Nowadays, this religious attire serves another purpose: hide the identities of as many as 250 Yazidi women who were forced into sex slavery by Islamic State in 2014 after the terror group took their small town of Sinjar in northern Iraq.
Al-Hol is Syria’s largest camp for refugees and internally displaced persons, with a population of roughly 62,000. The United Nations says more than 80% of its residents are women and children.
Many of the camp’s female residents survived the 2014 genocide in Sinjar, where IS killed most of their brothers and fathers but kept them alive, forcing them to convert to Islam and marry its jihadist members. As a result, many of the women became mothers raising children fathered by members of IS.
More than six years later, many of these women prefer to be known as IS wives rather than members of the ancient religious group they were born into. They fear that by revealing their identities, they could permanently be separated from their children, according to experts and Yazidi survivors.
That fear remains, despite a decision made in 2019 by the Yazidi Supreme Spiritual Council to allow children born to IS fighters to live within the secluded community, reversing a previous stance the council held on the issue.
A Yazidi female survivor, who identified herself only as Layla, recently unveiled her identity to authorities.
“The Yazidi women all heard that if they returned to Sinjar, they would lose their children,” Layla told VOA. “Because of our children, we hid ourselves.
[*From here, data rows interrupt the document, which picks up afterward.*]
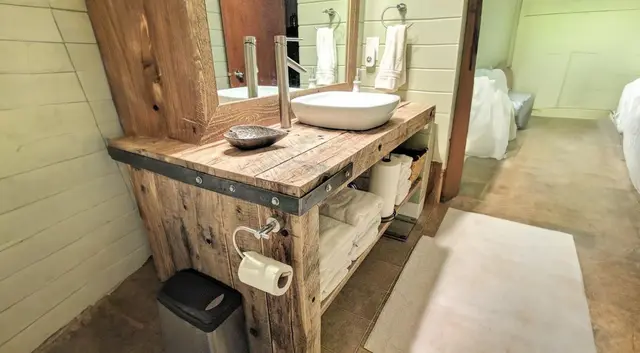 Banyo Dolap Tasarımları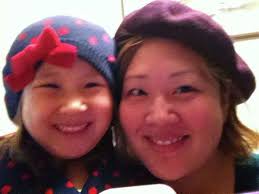 Generations of lookalikes: Mother's Day photos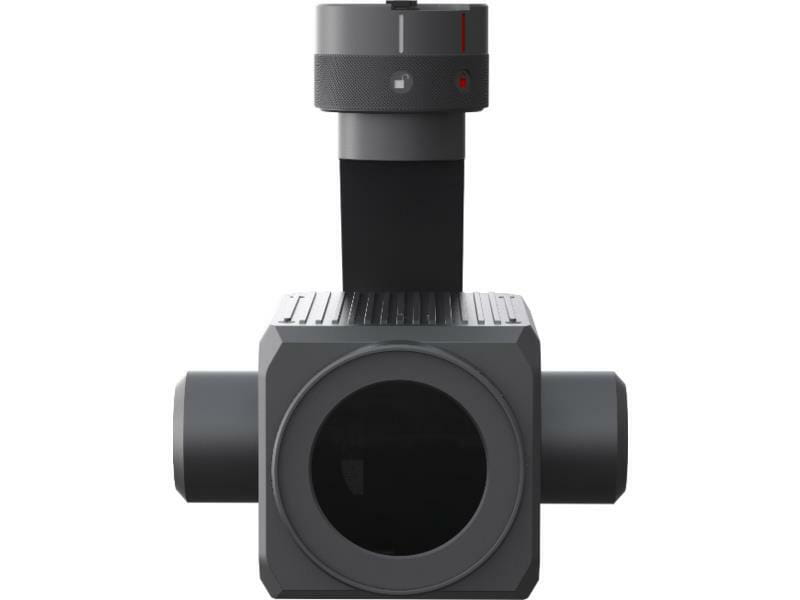 Камера Yuneec 30 Zoom X-connector для гексакоптера H520E (YUNE30ZXEU)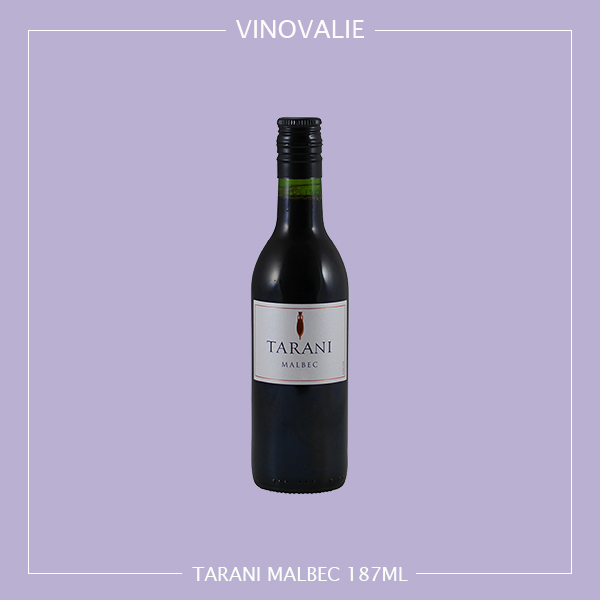 Tarani Malbec 187ml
However, when the decision was made that we can keep our children, I revealed myself.”
Jabir Jendo, a Syria-based researcher on the Yazidis, explained a dilemma from which Yazidi women have suffered.
“These women have children, and the fathers of these children are IS terrorists,” he said. “That has caused a problem for these women. They either had to abandon their children and return to their families or stay with their children and live the way they do now.”
Mahmoud Rasho, a member of the Syrian Yazidi Council, is helping to identify the Yazidi women who remain in hiding and wants to reassure them that they can continue to live with their children.
“We have information that some Yazidis are indeed inside the camp,” Rasho told VOA. “We are working to get those women out of the camp in phases.”
VOA talked to other female Yazidi survivors who said that despite returning to their communities, they continue to worry about their children’s futures, growing up with the stigma of being born to IS militants, also known as ISIS.
Some figures show an increase in suicide among Yazidi survivors. On Tuesday, Iraq’s Kurdistan Regional Government (KRG) announced that at least 13 Yazidi survivors have committed suicide so far this year.
“The suicides are believed to be linked to the trauma caused by the Yazidi genocide at the hands of ISIS, the difficult living conditions inside the(displacement) camps, lack of prospects for the future, and economic and social problems,” the KRG said.